- Born: 9 February 1981 (age 44) Kerava, Finland
- Height: 1.63 m (5 ft 4 in)
- Weight: 65 kg (143 lb; 10 st 3 lb)
- Position: Forward
- Shot: Right
- Played for: Keravan Shakers IHK Helsinki Minnesota Duluth Bulldogs SKIF Nizhny Novgorod HPK Hämeenlinna
- National team: Finland
- Playing career: 1996–2011
- Medal record
Women's ice hockey
Representing Finland
World Championships
| Bronze medal – third place | 2004 Canada |  |
| Bronze medal – third place | 2008 China |  |

= Nora Tallus =

Finnish ice hockey player

Nora Tallus, previously Liikanen, (born 9 February 1981) is a Finnish retired ice hockey forward, currently serving as assistant coach to KJT Haukat of the Naisten Mestis. She represented in the women's ice hockey tournament at the 2006 Winter Olympics and in four IIHF World Women's Championships, with bronze medals won in the 2004 and 2008 tournaments.

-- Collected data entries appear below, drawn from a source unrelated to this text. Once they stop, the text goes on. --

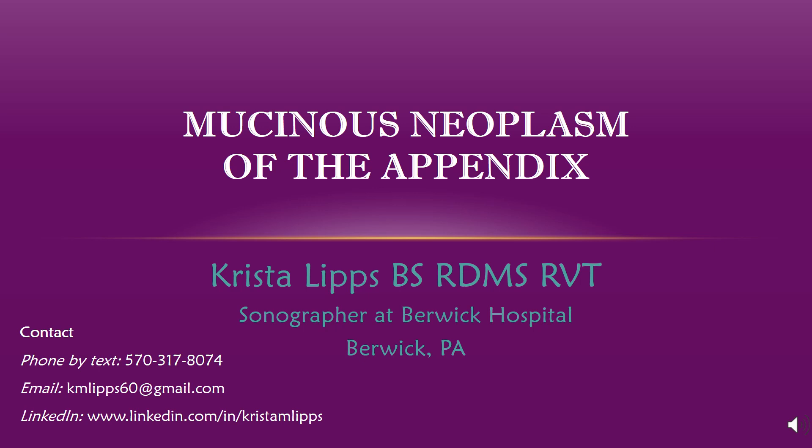Hello everyone, my name is Crystal Lips and I am a sonographer working and living in Pennsylvania. Today's presentation will be focusing on a case I scanned which was found to be a mucinous neoplasm of the appendix. On the bottom of this slide, you can find my contact information should you have any questions following this presentation, and they will again be shown at the end.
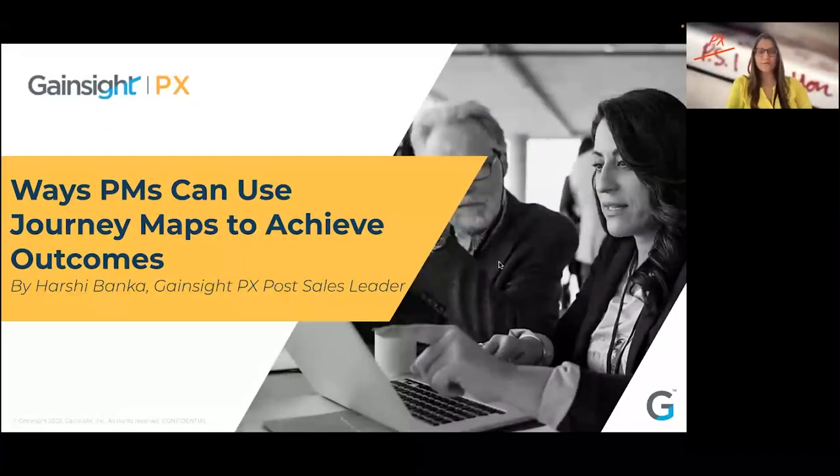Thank you, Product School, for having me over. Hey, everybody. I'm Hershey, like the Hershey's chocolate from Gainsight TX. And I'm super excited to talk to you all about ways product managers can use journey maps to achieve outcomes, which I'm sure a lot of you are already doing.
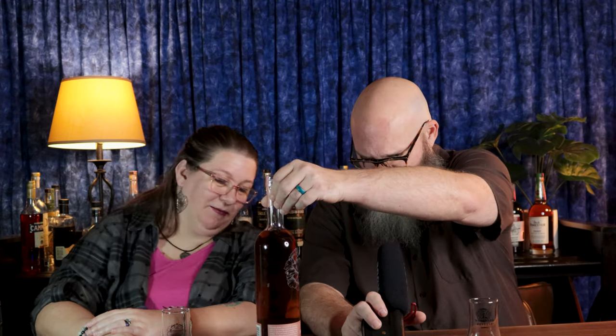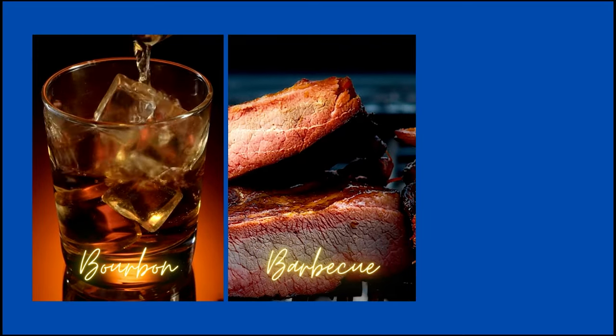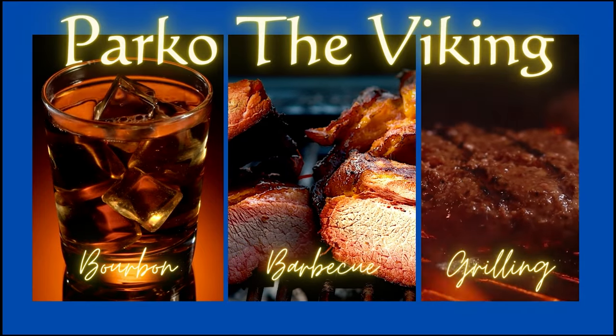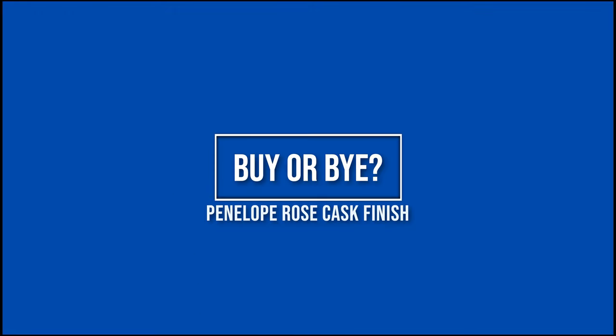Hi, welcome back to the channel. This is the newest edition of Buy or Buy, and today we're going to try the Penelope Rosé Cask Finish. I'm joined once again by my beautiful wife, Mary.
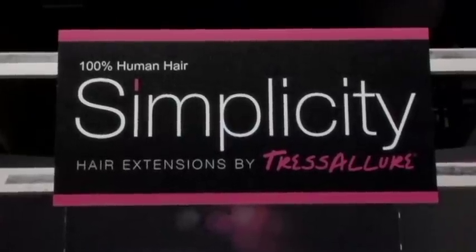Hi, I'm Jillian Gordon, and you're watching Launchpad On The Go. We're here at ISSC Long Beach, and I'm here with Onya Steyr, and she's going to tell us about Trace Allure Simplicity Hair Extensions.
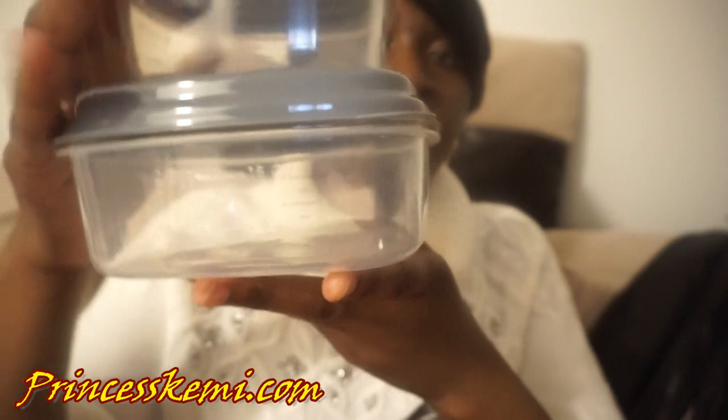First of all, we have the Fit and Fresh lunch bag. I actually did a video on my Fit and Fresh — 'Let's Make Lunch' — on how to save money by bringing lunch to work, so I'll leave the link below. This is my Fit and Fresh lunch bag, and it comes with two plastic containers that snap together, and a cooler which you can put in a freezer to keep stuff cold or leave it as is to keep it warm.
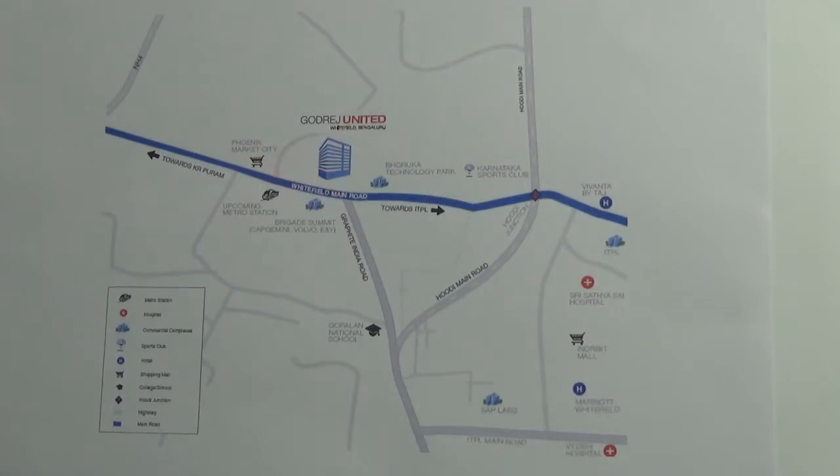If you are coming from Silk Board or the southern part of Bangalore, you need to take the Outer Ring Road and reach K.R. Puram Junction. Take a U-turn and come towards the service road. Once you reach the service road, keep moving further around 800 meters, you will find one more junction. Take a left towards Whitefield Main Road and cross Phoenix Market City and you will find the project on the left hand side.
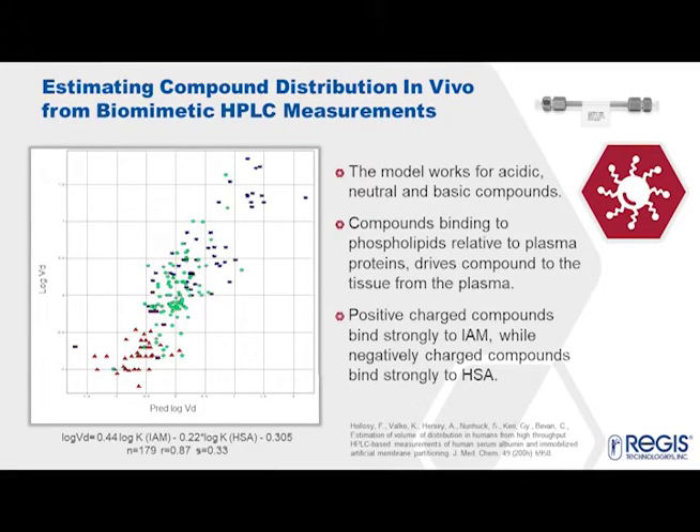We can estimate early on in the drug discovery process the drug efficiency and the volume of distribution, which can only be measured in vivo. So much before the in vivo experiments, we can use this IAM chromatography to predict and estimate promiscuous binding. When a compound binds very strongly to IAM, it usually binds with a lot of targets and receptors and causes side effects.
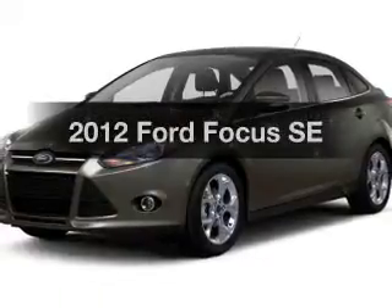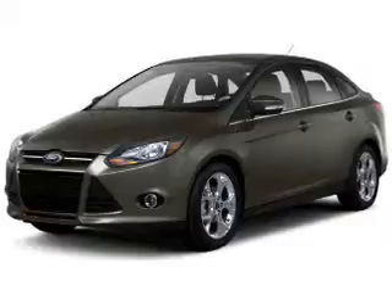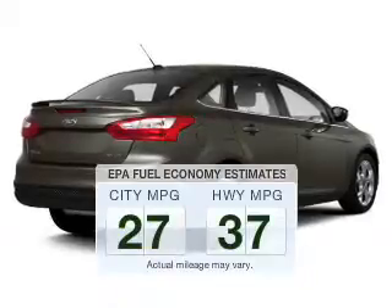Imagine yourself in this 2012 Ford Focus. If you're looking for a first-rate auto, this one could be yours today. Save your money and make fewer trips to the gas station to fill your gas tank when driving this fuel-efficient vehicle.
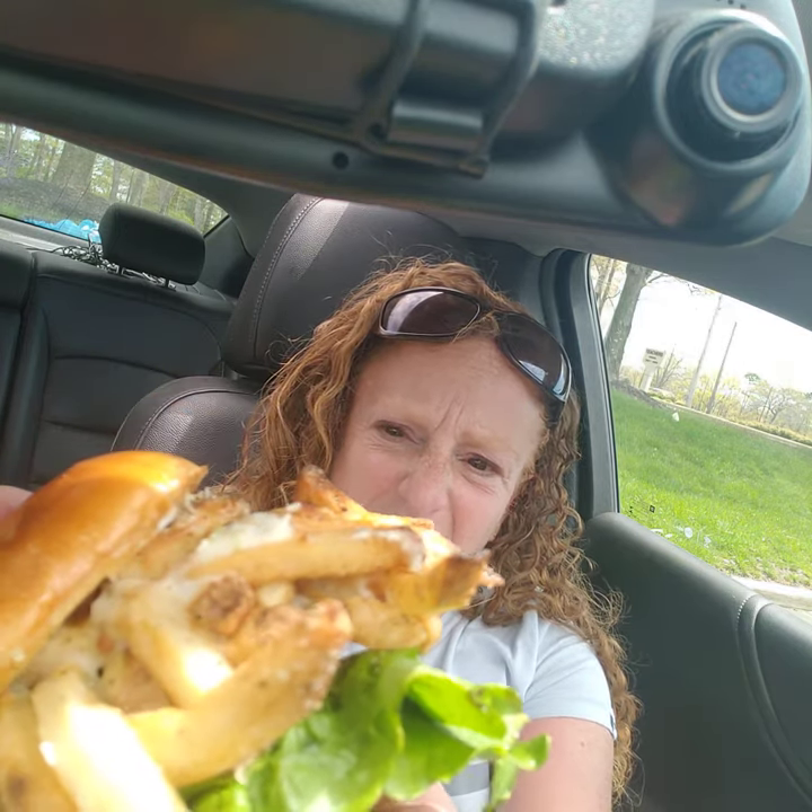Holy moly, this burger weighs a ton. I can see pickles, nice thick beef — I don't even know how I'm gonna bite into this. It's so loaded. It's a huge burger.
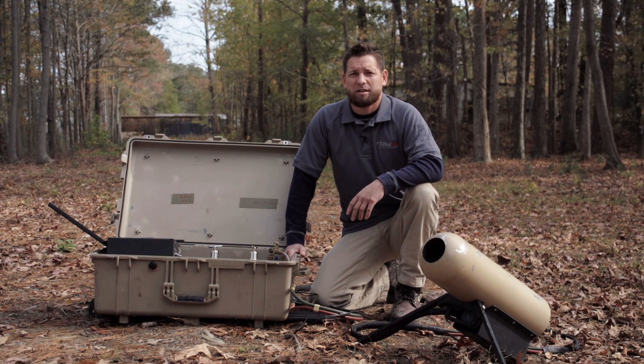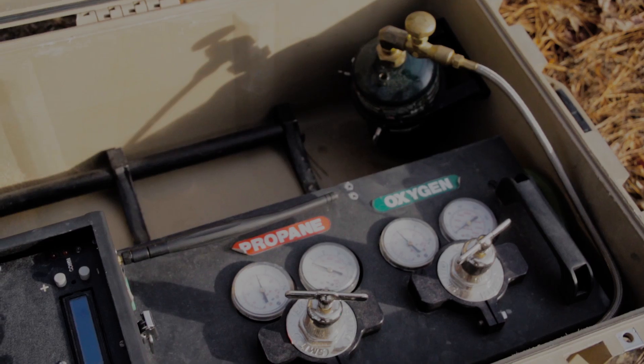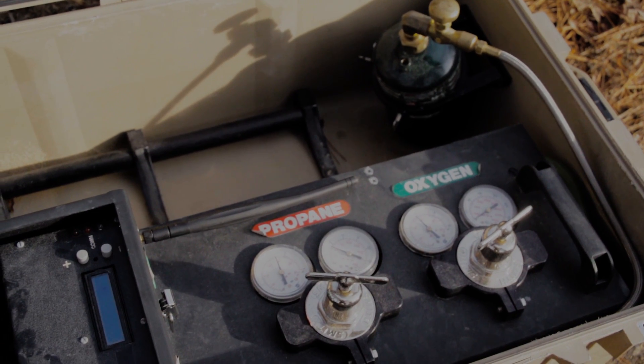Hi, I'm Chris from Threat Tech and today we're going to be introducing the Mark 17 blast simulator made by Improvise Electronics. The entire system is in a self-contained Pelican case for safe and easy transportation.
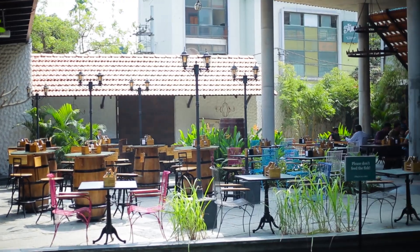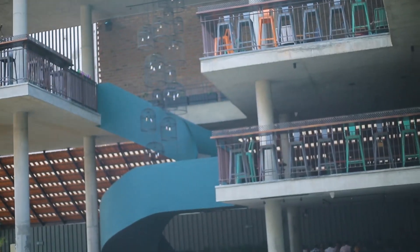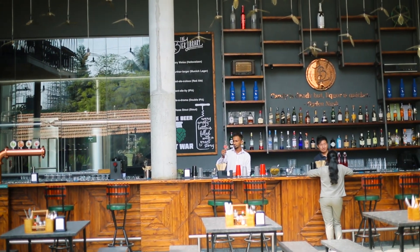Hi guys, welcome back to Hungry Forever Bangalore. Today we are at the Beer Library, an absolutely gorgeous space located right in the heart of Macaloo. That means you don't have to travel all the way to the suburbs to experience a beautiful space like this.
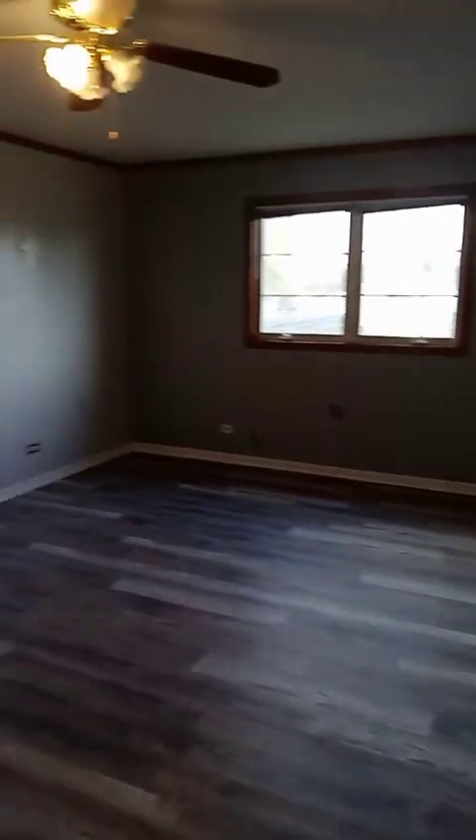This house is about to be professionally cleaned as well. The rent is $2,495 a month. This is the master bedroom — brand new vinyl plank flooring was just installed. It's a very, very big master bedroom with a huge walk-in closet.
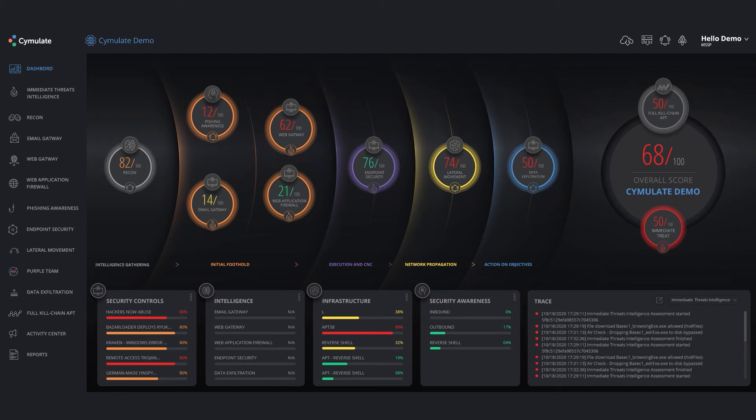Simulate provides both continuous security validation and automated red teaming combined in one platform, which is both simple to use and deploy. Our customers are up and running in less than an hour. They select the attacks they want to launch and quickly understand the security gaps and the mitigation needed.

Tallus attended University of Minnesota Duluth (UMD) from 2001 to 2005 where she played with the Bulldogs ice hockey team. With the Bulldogs, she was an NCAA Division I National Champion in 2002 and 2003. In the 2003 tournament, Tallus scored the championship winning goal 4:16 into second overtime against Harvard.